Hi @cuddandr @sindhu-ku @francois-drielsma Sorry for circle back to this after a while. I looked at a few events that Andrew pointed out. They have no hits and their corresponding true segments are neutrons, photons, nucleus and very short electrons. In these cases, it makes sense to me to not have a truth matching. However, haven't looked at the CAF files myslef, I wonder how long are these particles, how many particles do these interactions have and how much energy do they deposit? I'm not convinced that there are so many reconstructed particles that are from noises in the simulation. Have we checked these hits really not having backtracked segments? How they are associated to an interaction is a downstream question.

sindhu-ku commented 3 weeks ago

From what I checked, they have backtracked segments, but those correspond to those other vertices. But it's been a while, I don't remember. This is entry 4 in the first file if you want to take a look.

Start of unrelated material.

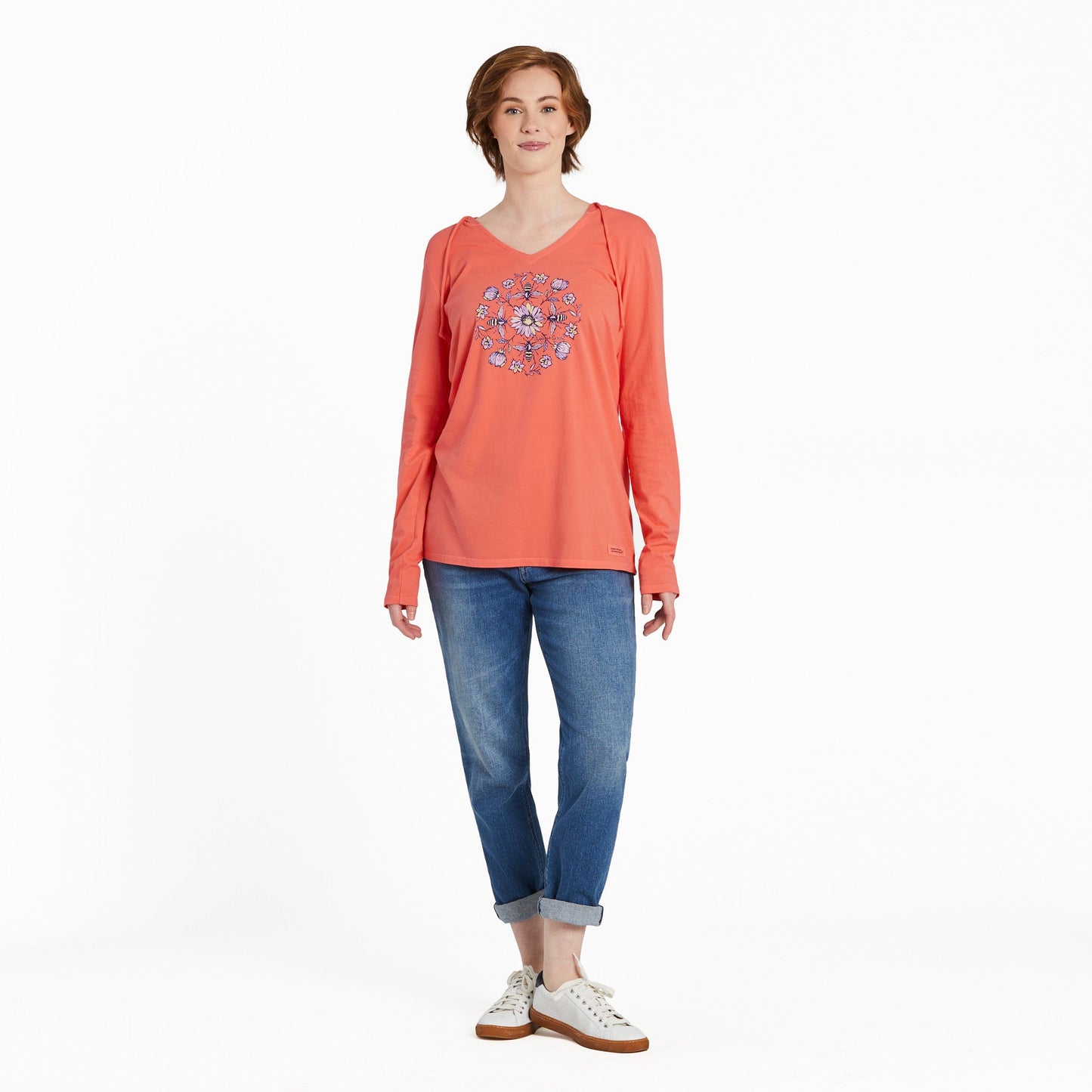 Women's Floral Bee Mandala Long Sleeve Crusher-LITE Hooded Tee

YifanC commented 2 weeks ago

Moving some of the slack conversation to conclude this is behaviour is expected and with the later version the number of not matched particles is low.

FD: I looked at the first flow2supera LArCV file from MR5 beta2a that Yifan provided me with and found 6 particles out of 643 (~1%) which do not have a truth match (this is using SPINE, the only package that will be maintained moving forward, which had several bug fixes from the legacy lartpc_mlreco3d repo). I looked at all 6 particles and here's what they look like (entries [ 27, 79, 117, 133, 171, 174] in that file)

YC: Given the above checks I think it's fair to say the observed behaviour is tolerable. The changes in these numbers came from the updates in the heuristic cuts in supera.